The central bank’s foreign reserves – badly depleted from nine months of supporting the lira – have nearly tripled since early July to $15.7 billion on a net basis. Bankers say inflows of some $5 billion from Russia provided a boost, though authorities have not commented and do not publish such data. Overall, gross FX reserves rose by $15 bn in last two data weeks, though compared to Turkey’s foreign debt service payments of $185 bn in the next 12 months these ($115 bn) remain inadequate.



Adding to relief for Erdogan, a lira-protection scheme unveiled during the December crisis cleared a big hurdle in July and August when $30 billion in deposits were rolled over without issue, according to data calculated by bankers.

Only a further $3 billion in deposits need to be rolled over next month, and little more until next year, locking many companies in for another six months to the scheme known as KKM.


The scheme seeks to curb demand for foreign currency by compensating depositors for lira losses against foreign currencies.

Given the lira has shed 27% to the dollar this year, KKM costs are rising for the Treasury and the central bank, which pay depositors the difference.

But most companies and individuals have stuck with KKM, avoiding another rush to foreign currencies and a potential repeat lira crash with less than a year before Erdogan faces tight elections.

“The cost is high but if this amount was being kept in forex then we would face bigger problems,” a source with knowledge of the matter said.

“If there was any other alternative it would have been used but it looks like this will continue, at least until the beginning of next year,” the source said of the scheme, requesting anonymity given sensitivities of the government plan.


Turkish Economy Won’t Survive The Winter

Depositors are lured to KKM by cheaper credit and tax incentives, bankers, companies and officials told Reuters. In total, protected deposits are worth 1.2 trillion lira ($66.23 billion), data shows.


The central bank does not disclose its KKM-related costs.

But since it was introduced on Dec. 20 – the day the lira hit an all-time low of 18.4 to the dollar – KKM has cost the Treasury 60 billion lira, 20 billion lira more than this year’s budget allocation for the scheme.  Estimates for the cost to Central Bank center around TL80 bn, which is covered by money printing.


The scheme, along with big forex interventions by the central bank, helped rescue the lira at the time.


Why Erdogan Will Never Win Another Election?

But the currency has since tumbled back to near its record low, hitting 18.15 to the dollar after the central bank shocked markets last week by cutting its benchmark interest rate by another 100 basis points.

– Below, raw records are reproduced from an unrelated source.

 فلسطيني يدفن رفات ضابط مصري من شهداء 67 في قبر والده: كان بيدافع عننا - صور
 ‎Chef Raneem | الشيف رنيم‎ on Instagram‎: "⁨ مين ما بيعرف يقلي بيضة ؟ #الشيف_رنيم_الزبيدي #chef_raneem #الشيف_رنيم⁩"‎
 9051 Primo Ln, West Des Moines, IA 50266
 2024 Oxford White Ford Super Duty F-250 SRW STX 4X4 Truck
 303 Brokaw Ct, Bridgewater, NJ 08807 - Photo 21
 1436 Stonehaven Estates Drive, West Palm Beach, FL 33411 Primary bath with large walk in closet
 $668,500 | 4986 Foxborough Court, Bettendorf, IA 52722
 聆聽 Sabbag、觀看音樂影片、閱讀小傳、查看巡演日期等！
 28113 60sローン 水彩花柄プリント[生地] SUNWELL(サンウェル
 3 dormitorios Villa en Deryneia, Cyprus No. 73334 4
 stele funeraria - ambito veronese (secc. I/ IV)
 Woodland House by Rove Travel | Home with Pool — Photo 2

A better-than expected summer season in economic activity and a windfall of FX reserves averted another currency shock, but the people of Turkey are not feeling better. According to August polling by Istanbul Economic Research, 75% of participants feel their economic conditions deteriorated over the last 12 months, with 54% expecting further deterioration in the future. According to independent think-tank Beta July round of minimum wage and pension increases have already been eroded by rampant inflation.  As a result, Erdogan’s standing in August polls have not improved. Most pollsters opine that he will lose the next election, while the total support for his AKP-MHP collation lingered below 39%, compared to opposition votes 51%.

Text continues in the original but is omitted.